CURTIS RICHARDSON, PLAINTIFF,
v.
ROGER WALKER, ET AL., DEFENDANTS.



The opinion of the court was delivered by: Gilbert, District Judge

MEMORANDUM AND ORDER

Plaintiff, an inmate at the Pinckneyville Correctional Center, brings this action for deprivations of his constitutional rights pursuant to 42 U.S.C. § 1983. This case is now before the Court for a preliminary review of the complaint pursuant to 28 U.S.C. § 1915A, which provides:

(a) Screening.-- The court shall review, before docketing, if feasible or, in any event, as soon as practicable after docketing, a complaint in a civil action in which a prisoner seeks redress from a governmental entity or officer or employee of a governmental entity.

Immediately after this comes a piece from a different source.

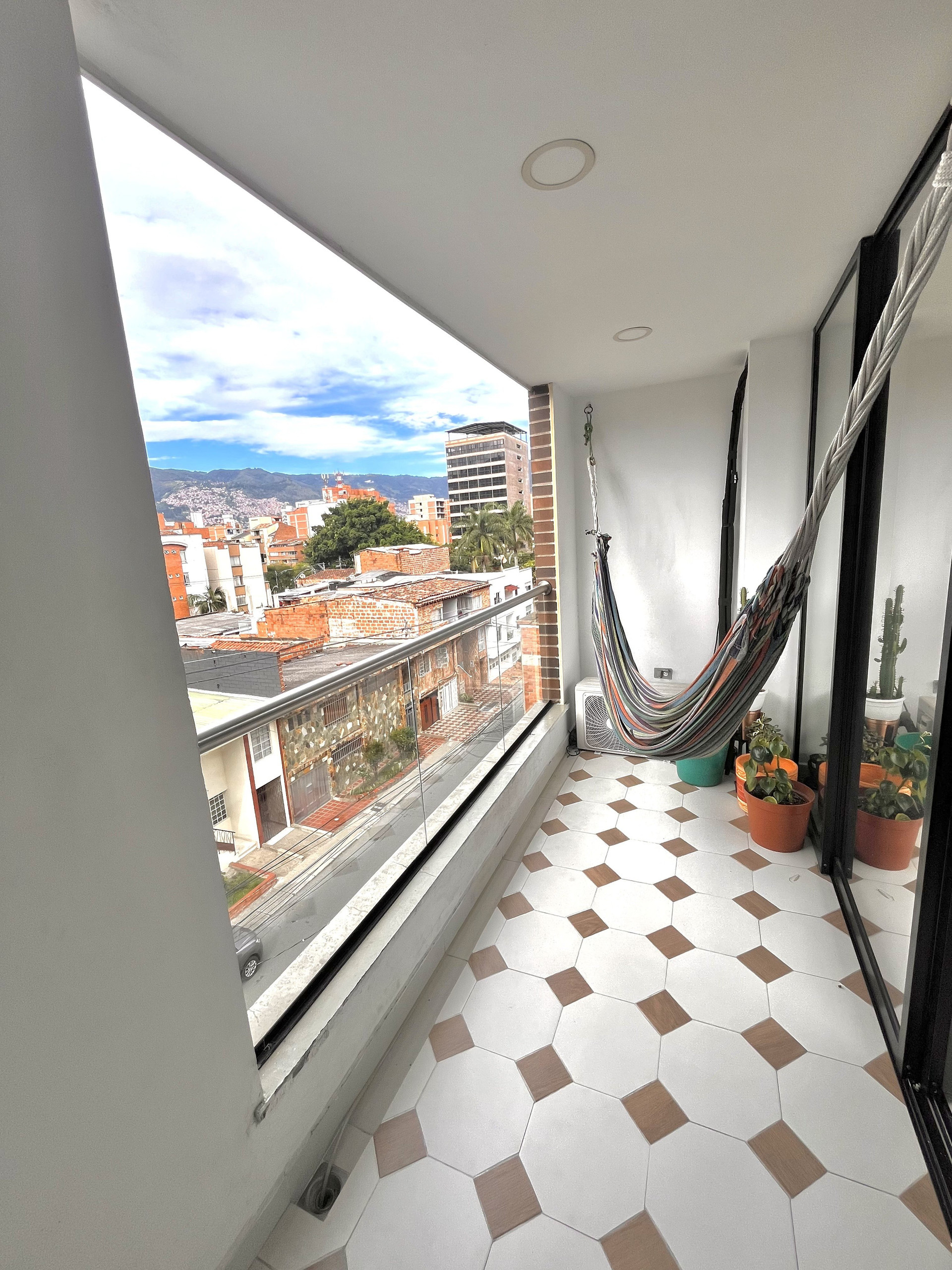 Balcony hammock with city view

(b) Grounds for Dismissal.-- On review, the court shall identify cognizable claims or dismiss the complaint, or any portion of the complaint, if the complaint--

(1) is frivolous, malicious, or fails to state a claim on which relief may be granted; or

(2) seeks monetary relief from a defendant who is immune from such relief.

28 U.S.C. § 1915A.

An action or claim is frivolous if "it lacks an arguable basis either in law or in fact." Neitzke v. Williams, 490 U.S. 319, 325 (1989). An action fails to state a claim upon which relief can be granted if it does not plead "enough facts to state a claim to relief that is plausible on its face." Bell Atlantic Corp. v. Twombly, 590 U.S. 544, 570 (2007). A complaint is plausible on its face "when the plaintiff pleads factual content that allows the court to draw the reasonable inference that the defendant is liable for the misconduct alleged." Ashcroft v. Iqbal, 129 S.Ct. 1937, 1949 (2009). Although the Court is obligated to accept factual allegations as true, some factual allegations may be so sketchy or implausible that they fail to provide sufficient notice of a plaintiff's claim. Brooks v. Ross, 578 F.3d 574, 581 (7th Cir. 2009). Additionally, Courts "should not accept as adequate abstract recitations of the elements of a cause of action or conclusory legal statements." Id. At the same time, however, the factual allegations of a pro se complaint are to be liberally construed. Rodriguez v. Plymouth Ambulance Service, 577 F.3d 816, 821 (7th Cir. 2009).

THE COMPLAINT

Plaintiff asserts that on December 29, 2007, while confined at the Lawrence Correctional Center, he was given a tuberculosis test by Defendant Brooks. Plaintiff objected to this test because he had been administered a tuberculosis test 11 days earlier and because it was against his religious beliefs. Plaintiff alleges that the medical staff failed to read the earlier test within 72 hours after it had been administered which led to the second test. Plaintiff contends that the failure to read the earlier test within the required time period was both negligence and amounted to deliberate indifference in violation of his Eighth Amendment rights. Plaintiff states that after he objected to the second tuberculosis test he was threatened with a disciplinary ticket because an annual tuberculosis test is required by prison regulation. Liberally construing the complaint, it appears that Plaintiff had the second tuberculosis test administered after being threatened with the disciplinary ticket. After the second test was administered, Plaintiff pursued his administrative remedies through the grievance system, but Plaintiff contends that the Defendants failed to intervene or correct the "wrongful acts" of their subordinates and further failed to adequately supervise and train them.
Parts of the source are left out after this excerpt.